Margaret Keenan, who turns 91 next week, has become the first person to be given the Covid-19 vaccine.
As the mass vaccination programme begins to roll out across the UK, this is what you need to know about when you can expect to receive the vaccine.
When will I get the vaccine?
The vaccine will be distributed to people using a priority list that has been devised by the Joint Committee on Vaccination and Immunisation (JCVI).
Some of the highest priority people include residents in a care home for older adults and their carers, people aged 80 years and over, and frontline health and social care workers.
Chief executive of NHS Providers, Chris Hopson, has said that the majority of people over 80 will be waiting until 2021 to receive the vaccine.
Talking to the Press Association, Hopson said, “I don’t think people should expect anything over the next few days because the reality is, as I said, that for the vast, vast majority of people this will be done in January, February, March.
“And the one thing that we don’t want people to get anxious about or concerned about is ‘Where’s my letter?’ in December.
“People really shouldn’t worry if they’re over 80 and they haven’t had a letter.
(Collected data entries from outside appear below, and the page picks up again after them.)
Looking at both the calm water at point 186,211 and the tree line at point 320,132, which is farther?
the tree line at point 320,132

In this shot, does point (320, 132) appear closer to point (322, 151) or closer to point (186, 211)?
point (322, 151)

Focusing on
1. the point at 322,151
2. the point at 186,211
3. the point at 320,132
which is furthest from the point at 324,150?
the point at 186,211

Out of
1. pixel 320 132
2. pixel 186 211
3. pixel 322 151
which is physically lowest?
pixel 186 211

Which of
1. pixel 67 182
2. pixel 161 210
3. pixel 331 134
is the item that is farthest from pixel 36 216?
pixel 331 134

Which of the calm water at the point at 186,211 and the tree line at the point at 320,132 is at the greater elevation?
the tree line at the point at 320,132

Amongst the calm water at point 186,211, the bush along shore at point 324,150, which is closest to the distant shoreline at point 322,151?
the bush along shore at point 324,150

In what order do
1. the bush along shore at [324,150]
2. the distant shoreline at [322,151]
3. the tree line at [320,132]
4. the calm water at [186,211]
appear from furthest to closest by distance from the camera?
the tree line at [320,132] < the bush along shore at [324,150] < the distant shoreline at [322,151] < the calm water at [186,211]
“I’m sure there will be communications over the next few weeks that will tell people how quickly we are getting through the over 80s, and there will be plenty of communications to say, at the right point, if you haven’t had a letter than you should talk to your GP, but we are many weeks away from that.”
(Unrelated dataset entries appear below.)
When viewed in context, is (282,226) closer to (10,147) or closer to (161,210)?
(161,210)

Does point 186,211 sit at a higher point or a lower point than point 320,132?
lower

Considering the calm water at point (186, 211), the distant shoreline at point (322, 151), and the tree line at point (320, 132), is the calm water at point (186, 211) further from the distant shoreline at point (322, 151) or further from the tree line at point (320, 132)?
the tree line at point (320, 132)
Hopson emphasised that those who haven’t heard anything about receiving the vaccine should “hang fire” and not become concerned.
“We haven’t forgotten you, and we’ll certainly tell you at the point at which you need to start worrying if you haven’t been contacted, but that will be many, many weeks away,” he said.
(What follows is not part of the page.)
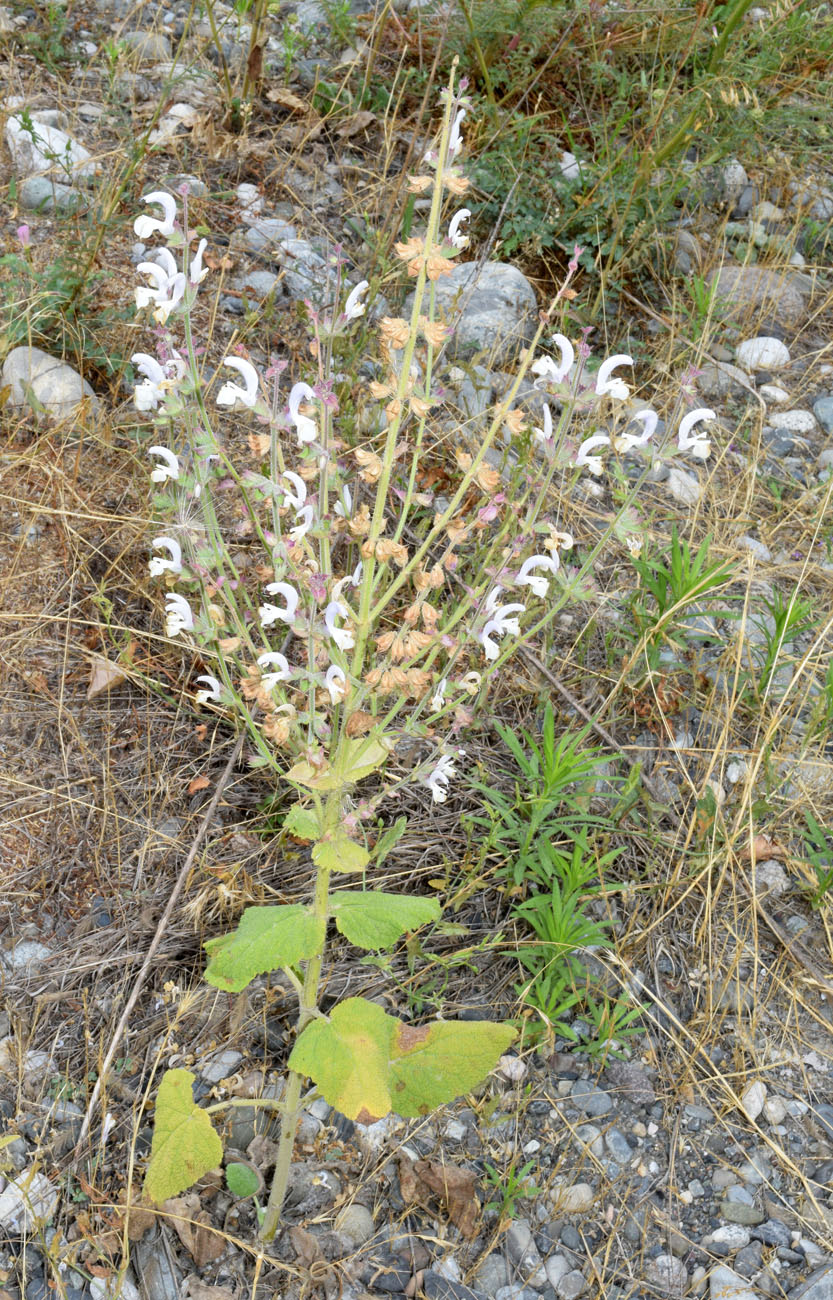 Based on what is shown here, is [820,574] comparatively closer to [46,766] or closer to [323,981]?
[323,981]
How are vaccine appointments arranged?
Hopson explained that NHS staff are identifying people within the key target groups and lists. Their details will be passed on to appointment bookers, who will then make the phone calls to arrange said appointment.
He said that some hospitals are focusing on people who are due to come in for an outpatient appointment, or patients who are currently receiving care in hospital. Hopson also said that hospitals are communicating with care homes which have been asked to provide lists of their workers.
When a person arrives at their appointment, they will be registered and prescribed the vaccine.
A computer system will issue an email or letter to that patient and their GP confirming that they have had the first dose of the vaccine, and arranging a follow up date for three weeks later, when they will receive the second dose.
Vaccination priority list
The JCVI advises that the first priorities for the Covid-19 vaccination programme should be the prevention of mortality, and the maintenance of the health and social care systems.
“As the risk of mortality from Covid-19 increases with age, prioritisation is primarily based on age,” the government states.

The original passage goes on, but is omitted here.